The whole concept of R&D within architecture is that each project will present unique challenges that take a period of thought, design and testing before a build can be started. R&D will be found where the company have to change their process or materials to suit a unique situation and, therefore, can be shown to be advancing knowledge.

Generally, the following areas contain R&D, however, it is important to look at each project individually:

  • Sustainable builds
  • Re-purpose of buildings
  • Grade listed buildings
  • Flood plain/green belt work
  • Studies in material performance

All these areas are known to contain R&D qualifying activity and are undertaken by most architects as part of their day job.

There is a huge amount of uncertainty in architecture which is combated by detailed design, testing and analysis. This is where it is easy to see R&D as ‘what we do’ rather than anything extraordinary, however, for tax purposes there is significant scope for a successful claim.

Timeline For R&D

HMRC expect us to be able to show a projects life cycle and be able to show where the R&D qualifying activity takes place on a project. To do this we can use the time sheets of a company to try and isolate areas such as technical design and development. We have experience working with the RIBA stage billing process and find this can be very useful in establishing a time line for R&D.

A general timeline would be as follows:

Areas of R&D

There are several areas in which an architect may find qualifying R&D for tax purposes. In order to qualify as R&D a project needs to show an advance in knowledge for the sector in either science or technology. This is a purposely broad definition given by HMRC as they are keen to allow innovative business relief on qualifying projects.
There are several areas that are readily accepted by HMRC:

  1. Grade listed buildings – if you have to change the way you would normally plan, work or any process within the design of a building due to a grade listing this will often cause a period of uncertainty which has to be resolved. The solution will, therefore, be novel and this would be a qualifying area for R&D.
  2. Working in difficult conditions – working within flood plains, green belts, nature reserves or in any other area with strict build conditions can also lead to a change in process from the norm and this would also be an area of R&D.
  3. Studies in material performance – when a company has to undertake a study in material performance this would be a qualifying area. For example, a building near the sea may require a façade that will not be eroded in the salty conditions.

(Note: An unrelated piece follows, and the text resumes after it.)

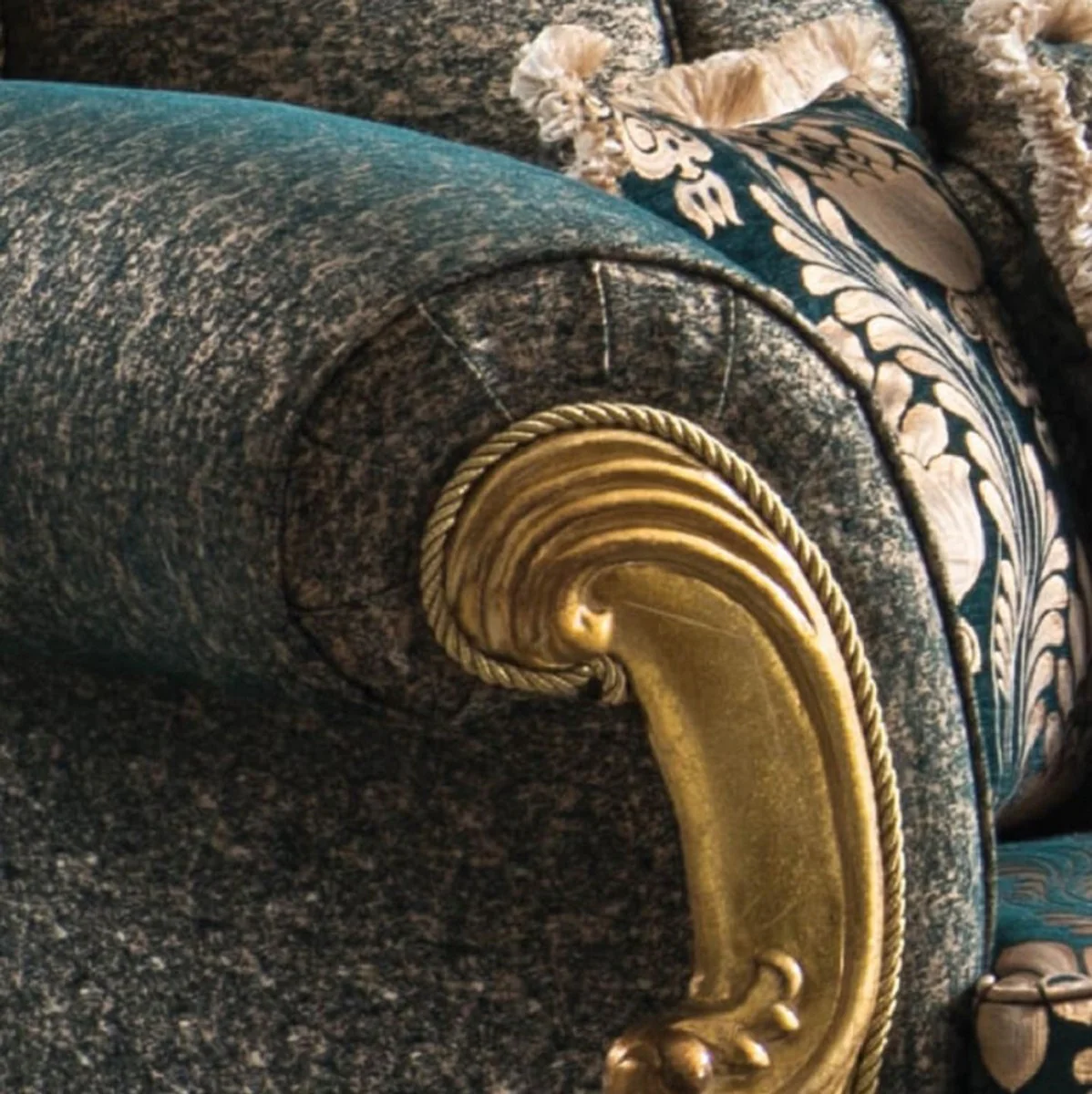 Luxury Baroque Sofa Green / Gold 240 x 90 x H. 125 cm - Handmade Living Room Sofa with Elegant Pattern - Baroque Living Room Furniture - Noble & Magnificent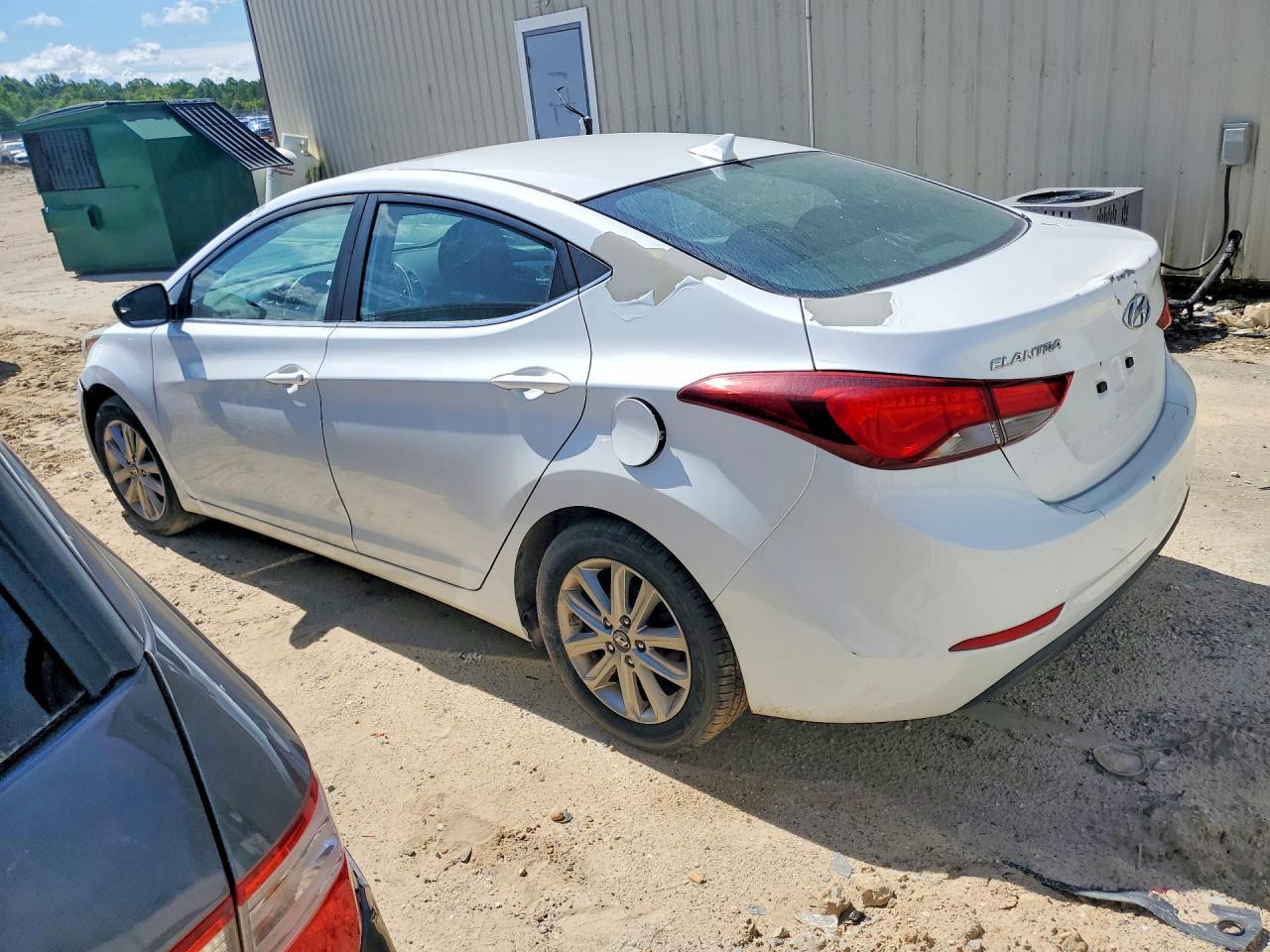 2015 Hyundai Elantra Se - Image 2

As the answer of what material to use is not readily available the period of design and development of knowledge would be a qualifying area.
  4. Sustainability and eco build – R&D within this area is readily accepted by HMRC, if a company designs a building to try and maximise efficiency this process is likely to fall within the definition of R&D.

This is not an exhaustive list and there are many other areas that could contain qualifying R&D costs.
It is important to look at each project in isolation in order to isolate the R&D activity.

Hamilton Blakes Method

Hamilton Blake believe in a hands-on approach and endeavour to work closely with our clients to ensure that each and every claim submitted is correct. We also offer a full enquiry service included within the cost of work which means that should HMRC ask a question relating to any claim submitted by Hamilton Blake we will be there to guide you through that process.

We begin with a face to face meeting where we discuss the projects in the company one by one for a period, this usually takes around one full day per year and allows us to get a deep understanding of the work, the company and the R&D within the company.

We then ask for access to the company financial records, specifically wages and time sheets as these are the main costs that make up an architects R&D claim. We will also need breakdowns of areas such as contractors, software and light and heat which we can also include in the claim.

Hamilton Blake then bring all of this information into a report which links each project and the R&D within back to the relevant legislation allowing the claim. Our deep understanding of HMRC workings allows us to write the report in such a way that we are answering the questions we know they need us to answer. This report will outline the costs being claimed and our methodology for attaining those costs.

We will then arrange a final day where we will present the claim to the client and work through any amendments that may be necessary. Once finalised we can either submit on the company’s behalf or work alongside the company accountant to submit.

As mentioned, Hamilton Blake are then on hand to ensure any follow up questions from HMRC are answered on behalf of the client.

We will also work with the client in order to look at the systems in place and suggest ideas which allow the R&D applicable information to be more readily available in future years.